- [Task item]
Scan the entries below. Report each line where the string "Part" occurs.

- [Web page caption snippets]
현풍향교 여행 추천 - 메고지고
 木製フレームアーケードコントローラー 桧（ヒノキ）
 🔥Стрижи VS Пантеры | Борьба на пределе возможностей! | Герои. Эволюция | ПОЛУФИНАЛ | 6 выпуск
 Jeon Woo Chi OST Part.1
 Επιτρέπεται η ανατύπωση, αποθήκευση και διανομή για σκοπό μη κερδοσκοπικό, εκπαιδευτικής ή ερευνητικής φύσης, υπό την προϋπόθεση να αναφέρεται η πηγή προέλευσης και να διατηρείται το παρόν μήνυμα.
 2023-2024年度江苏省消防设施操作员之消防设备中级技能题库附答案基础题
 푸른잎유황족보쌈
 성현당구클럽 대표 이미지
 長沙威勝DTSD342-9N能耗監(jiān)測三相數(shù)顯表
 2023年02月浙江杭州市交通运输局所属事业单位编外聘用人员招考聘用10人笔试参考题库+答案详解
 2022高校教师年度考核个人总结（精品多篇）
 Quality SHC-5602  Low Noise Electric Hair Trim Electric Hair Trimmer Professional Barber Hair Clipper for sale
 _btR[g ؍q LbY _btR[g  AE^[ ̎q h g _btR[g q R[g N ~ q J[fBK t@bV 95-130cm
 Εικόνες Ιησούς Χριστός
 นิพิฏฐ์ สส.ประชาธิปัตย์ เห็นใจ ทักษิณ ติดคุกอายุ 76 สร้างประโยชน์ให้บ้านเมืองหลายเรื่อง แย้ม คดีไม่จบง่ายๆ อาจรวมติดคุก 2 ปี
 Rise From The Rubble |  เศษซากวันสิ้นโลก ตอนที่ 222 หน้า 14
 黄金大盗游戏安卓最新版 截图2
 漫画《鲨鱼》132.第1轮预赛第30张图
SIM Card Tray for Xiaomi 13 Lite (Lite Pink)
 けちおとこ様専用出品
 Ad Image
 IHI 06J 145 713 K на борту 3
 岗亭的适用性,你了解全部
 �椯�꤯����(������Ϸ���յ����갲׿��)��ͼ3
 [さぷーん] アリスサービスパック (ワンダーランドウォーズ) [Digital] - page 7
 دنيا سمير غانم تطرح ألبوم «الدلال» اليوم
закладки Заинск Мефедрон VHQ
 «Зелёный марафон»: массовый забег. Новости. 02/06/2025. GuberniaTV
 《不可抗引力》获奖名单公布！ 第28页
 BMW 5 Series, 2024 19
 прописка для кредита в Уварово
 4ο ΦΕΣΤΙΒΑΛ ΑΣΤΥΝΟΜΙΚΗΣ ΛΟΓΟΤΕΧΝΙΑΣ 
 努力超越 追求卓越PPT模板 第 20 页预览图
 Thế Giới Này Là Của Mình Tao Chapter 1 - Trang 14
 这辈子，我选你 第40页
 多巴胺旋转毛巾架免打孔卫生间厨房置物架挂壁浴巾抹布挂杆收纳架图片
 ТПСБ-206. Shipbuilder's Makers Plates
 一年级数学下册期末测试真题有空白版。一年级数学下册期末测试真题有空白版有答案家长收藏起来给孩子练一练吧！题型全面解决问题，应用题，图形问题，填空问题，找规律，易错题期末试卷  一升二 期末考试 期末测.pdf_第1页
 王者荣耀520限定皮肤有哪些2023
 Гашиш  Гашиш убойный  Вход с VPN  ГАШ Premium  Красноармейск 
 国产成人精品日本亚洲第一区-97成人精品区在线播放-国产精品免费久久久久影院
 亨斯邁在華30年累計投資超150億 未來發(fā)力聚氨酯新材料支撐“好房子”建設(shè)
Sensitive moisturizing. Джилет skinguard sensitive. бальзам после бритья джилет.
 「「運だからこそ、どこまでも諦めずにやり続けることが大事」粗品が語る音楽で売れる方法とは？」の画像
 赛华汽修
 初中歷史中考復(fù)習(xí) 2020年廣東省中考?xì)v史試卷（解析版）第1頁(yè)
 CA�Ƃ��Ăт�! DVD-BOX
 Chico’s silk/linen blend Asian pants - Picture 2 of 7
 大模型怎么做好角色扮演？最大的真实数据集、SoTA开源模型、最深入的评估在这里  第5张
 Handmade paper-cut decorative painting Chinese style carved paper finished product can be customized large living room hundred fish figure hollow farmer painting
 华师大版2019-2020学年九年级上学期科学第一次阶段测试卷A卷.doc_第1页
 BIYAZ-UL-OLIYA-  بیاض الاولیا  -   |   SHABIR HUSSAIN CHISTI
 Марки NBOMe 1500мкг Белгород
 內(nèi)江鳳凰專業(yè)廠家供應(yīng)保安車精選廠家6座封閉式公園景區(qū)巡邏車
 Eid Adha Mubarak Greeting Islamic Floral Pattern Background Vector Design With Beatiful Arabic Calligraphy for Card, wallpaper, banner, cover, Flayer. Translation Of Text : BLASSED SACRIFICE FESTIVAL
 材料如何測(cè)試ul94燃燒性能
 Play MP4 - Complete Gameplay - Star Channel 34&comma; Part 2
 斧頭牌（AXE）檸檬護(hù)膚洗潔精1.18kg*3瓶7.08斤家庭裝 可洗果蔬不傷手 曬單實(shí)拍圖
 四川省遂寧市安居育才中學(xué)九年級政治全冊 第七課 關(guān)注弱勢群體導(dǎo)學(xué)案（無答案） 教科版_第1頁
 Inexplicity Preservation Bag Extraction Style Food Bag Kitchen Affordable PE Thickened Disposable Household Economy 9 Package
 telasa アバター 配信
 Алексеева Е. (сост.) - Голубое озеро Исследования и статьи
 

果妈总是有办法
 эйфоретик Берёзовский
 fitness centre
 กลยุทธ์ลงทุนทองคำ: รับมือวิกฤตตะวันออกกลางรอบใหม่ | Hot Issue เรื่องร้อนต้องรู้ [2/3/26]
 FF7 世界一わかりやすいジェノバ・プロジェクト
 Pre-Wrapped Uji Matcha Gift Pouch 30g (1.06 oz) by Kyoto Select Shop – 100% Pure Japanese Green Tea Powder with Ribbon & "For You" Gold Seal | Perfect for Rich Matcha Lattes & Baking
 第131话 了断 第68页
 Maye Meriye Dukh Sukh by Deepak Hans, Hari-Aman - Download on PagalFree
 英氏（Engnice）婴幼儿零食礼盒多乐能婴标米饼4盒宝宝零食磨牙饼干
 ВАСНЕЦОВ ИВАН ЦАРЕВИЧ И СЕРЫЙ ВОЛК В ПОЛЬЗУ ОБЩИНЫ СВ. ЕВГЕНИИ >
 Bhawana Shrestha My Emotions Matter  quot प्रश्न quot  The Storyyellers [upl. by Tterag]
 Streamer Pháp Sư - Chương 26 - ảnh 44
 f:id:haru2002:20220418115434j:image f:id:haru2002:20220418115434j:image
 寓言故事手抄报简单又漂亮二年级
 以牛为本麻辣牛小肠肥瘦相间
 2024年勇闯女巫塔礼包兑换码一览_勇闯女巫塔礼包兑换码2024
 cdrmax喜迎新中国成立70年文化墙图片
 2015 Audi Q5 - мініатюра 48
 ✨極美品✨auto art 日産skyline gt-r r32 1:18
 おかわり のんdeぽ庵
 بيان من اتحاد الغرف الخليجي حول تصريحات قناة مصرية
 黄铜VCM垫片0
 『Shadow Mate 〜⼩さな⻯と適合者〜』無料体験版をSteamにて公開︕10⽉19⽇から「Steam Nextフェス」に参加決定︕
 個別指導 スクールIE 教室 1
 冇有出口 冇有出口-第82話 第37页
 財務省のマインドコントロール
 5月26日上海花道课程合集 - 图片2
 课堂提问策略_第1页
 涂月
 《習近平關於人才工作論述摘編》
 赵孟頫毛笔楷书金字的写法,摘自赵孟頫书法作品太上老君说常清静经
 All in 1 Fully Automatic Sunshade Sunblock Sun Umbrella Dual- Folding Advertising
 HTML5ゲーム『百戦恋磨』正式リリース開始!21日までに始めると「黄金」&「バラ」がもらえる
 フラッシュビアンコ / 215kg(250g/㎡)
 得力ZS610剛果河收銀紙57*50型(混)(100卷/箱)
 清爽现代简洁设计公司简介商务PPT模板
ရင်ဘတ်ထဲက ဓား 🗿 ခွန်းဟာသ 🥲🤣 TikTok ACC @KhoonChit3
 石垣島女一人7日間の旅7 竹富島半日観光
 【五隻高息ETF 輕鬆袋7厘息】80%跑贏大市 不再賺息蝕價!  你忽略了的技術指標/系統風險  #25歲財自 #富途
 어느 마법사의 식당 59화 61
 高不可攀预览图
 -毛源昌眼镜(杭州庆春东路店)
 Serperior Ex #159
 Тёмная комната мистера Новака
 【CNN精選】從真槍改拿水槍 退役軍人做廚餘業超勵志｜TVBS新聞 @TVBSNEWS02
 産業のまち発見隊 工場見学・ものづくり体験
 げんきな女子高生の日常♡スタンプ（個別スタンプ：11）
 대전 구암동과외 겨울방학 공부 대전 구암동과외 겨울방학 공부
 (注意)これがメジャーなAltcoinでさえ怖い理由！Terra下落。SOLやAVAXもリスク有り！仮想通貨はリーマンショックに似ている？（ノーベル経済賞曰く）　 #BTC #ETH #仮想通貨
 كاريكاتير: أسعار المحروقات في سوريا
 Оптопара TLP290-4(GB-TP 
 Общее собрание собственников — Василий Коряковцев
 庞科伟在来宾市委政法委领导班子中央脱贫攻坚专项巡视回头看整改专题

- [Answer]
 Jeon Woo Chi OST Part.1
 Play MP4 - Complete Gameplay - Star Channel 34&comma; Part 2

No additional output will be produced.